--- Collected material ---
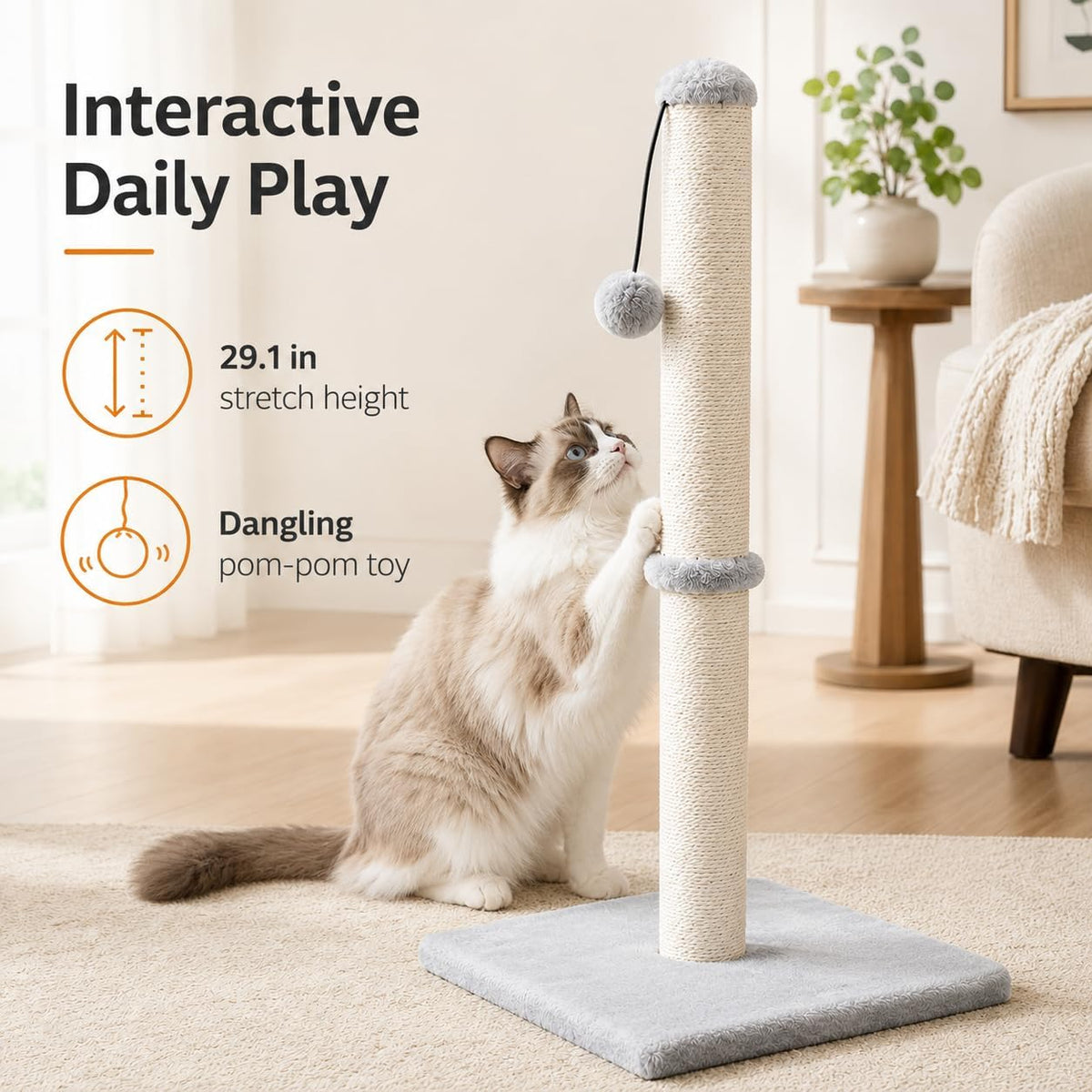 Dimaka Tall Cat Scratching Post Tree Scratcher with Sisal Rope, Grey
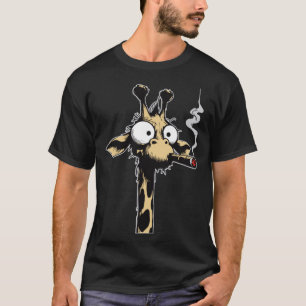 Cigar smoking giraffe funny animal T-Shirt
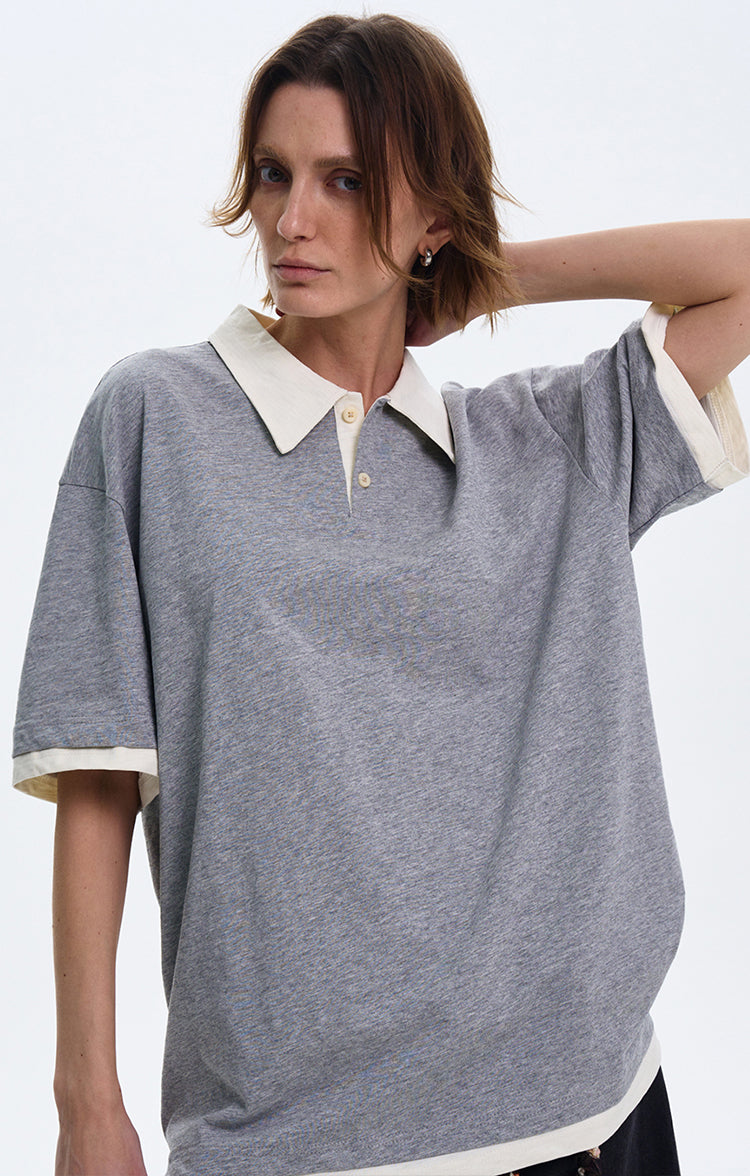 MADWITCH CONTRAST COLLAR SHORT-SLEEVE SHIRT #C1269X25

--- Task statement ---
Please make an exact copy of the whole listing and leave out its pictures.

--- Exercise response ---
 Dimaka Tall Cat Scratching Post Tree Scratcher with Sisal Rope, Grey
 Cigar smoking giraffe funny animal T-Shirt
 MADWITCH CONTRAST COLLAR SHORT-SLEEVE SHIRT #C1269X25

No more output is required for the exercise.